Paper: TISFM: totally interpretable sequence to function model
NIFA: Non-negative Independent Factor Analysis
A probabilistic model that simultaneously captures discrete cell-type identity and continuous pathway activity in single-cell RNA-seq data by combining properties of non-negative matrix factorization and independent component analysis. NIFA outperforms ICA, PCA, NMF, and scCoGAPS on benchmarks, and when applied to immunotherapy data, reproduces and refines previous findings while enabling discovery of new clinically relevant cell states.
PLIER: Pathway-Level Information Extractor
PLIER is a matrix decomposition method that uses prior information from pathway databases to find an interpretable latent variable representation of gene expression datasets.

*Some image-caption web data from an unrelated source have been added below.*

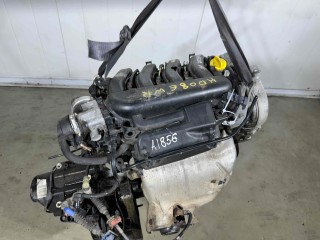 Двигатель в сборе, ориг. номер K4M812, Renault Megane 2006-2009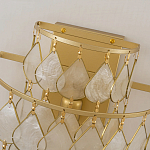 Бра с декором из натуральной морской ракушки Iridescent Light варинант исполнения - 5 | Loft Concept в Липецке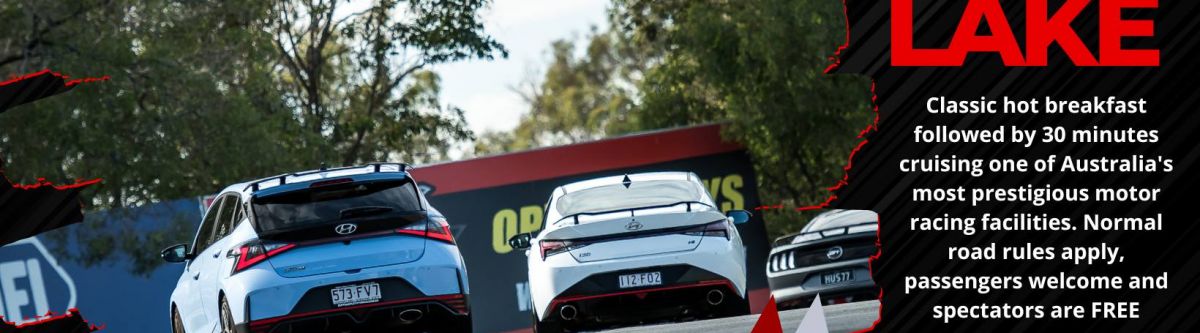 Laps at the lake 14/07/2024 Cover Image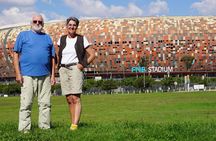 Soweto, Apartheid Museum & Constitution Hill Day Tour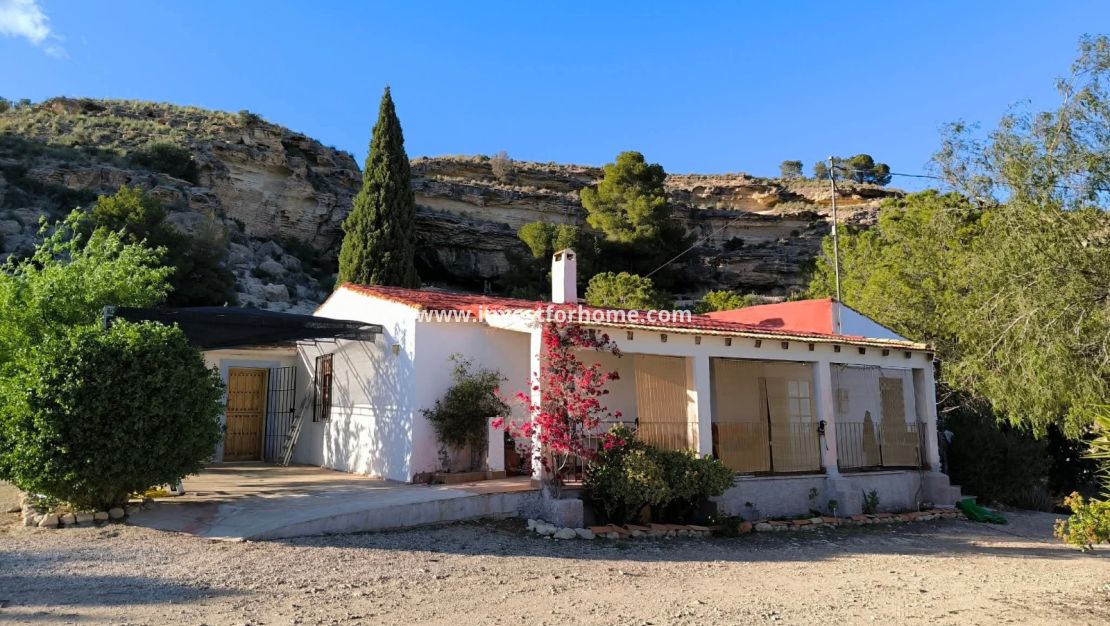 Vente - Villa - Fortuna - Inland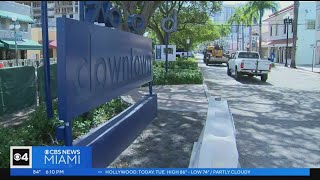 Downtown Hollywood getting makeover as new residents begin to settle in
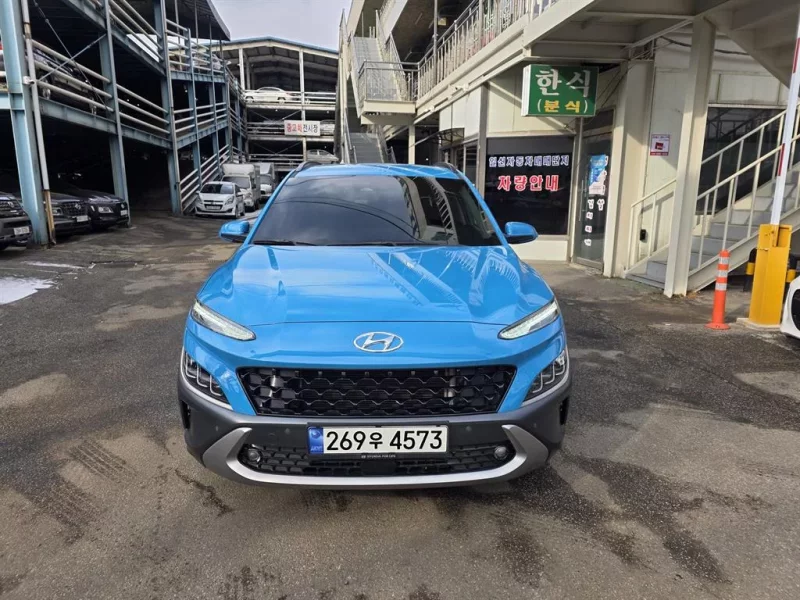 Hyundai Kona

Paper: Pathway-Level Information ExtractoR (PLIER): a generative model for gene expression data
RERconverge
A suite of tools to calculate relative evolutionary rates (RERs) and their associations with phenotypes.
Application papers:
CellCODE
An R package for differential expression analysis that accounts for varying cell-type proportions in heterogeneous tissue samples. CellCODE uses latent variable analysis to estimate surrogate proportion variables from marker genes, then incorporates these into differential expression to improve detection of regulated genes and assign them to their cell type of origin — all without requiring additional experimental data beyond expression measurements.
DataRemix
An R package that optimizes a singular value decomposition-based data transformation with three tunable parameters to prioritize biological signals over noise, without requiring external dataset-specific knowledge. DataRemix outperforms standard normalization methods and was used to discover what is believed to be the first replicable trans-eQTL effect in human brain tissue.
IntervalStats
A tool to compute associations between genomic intervals such as peaks for a ChIPseq or ATACseq dataset that uses exact enumeration to compute accurate p-values.
code | Also available as part of the coloc-stats webserver
Paper: An effective statistical evaluation of ChIPseq dataset similarity
EPIANN
An attention-based deep learning model to predict interacting chromosomal regions.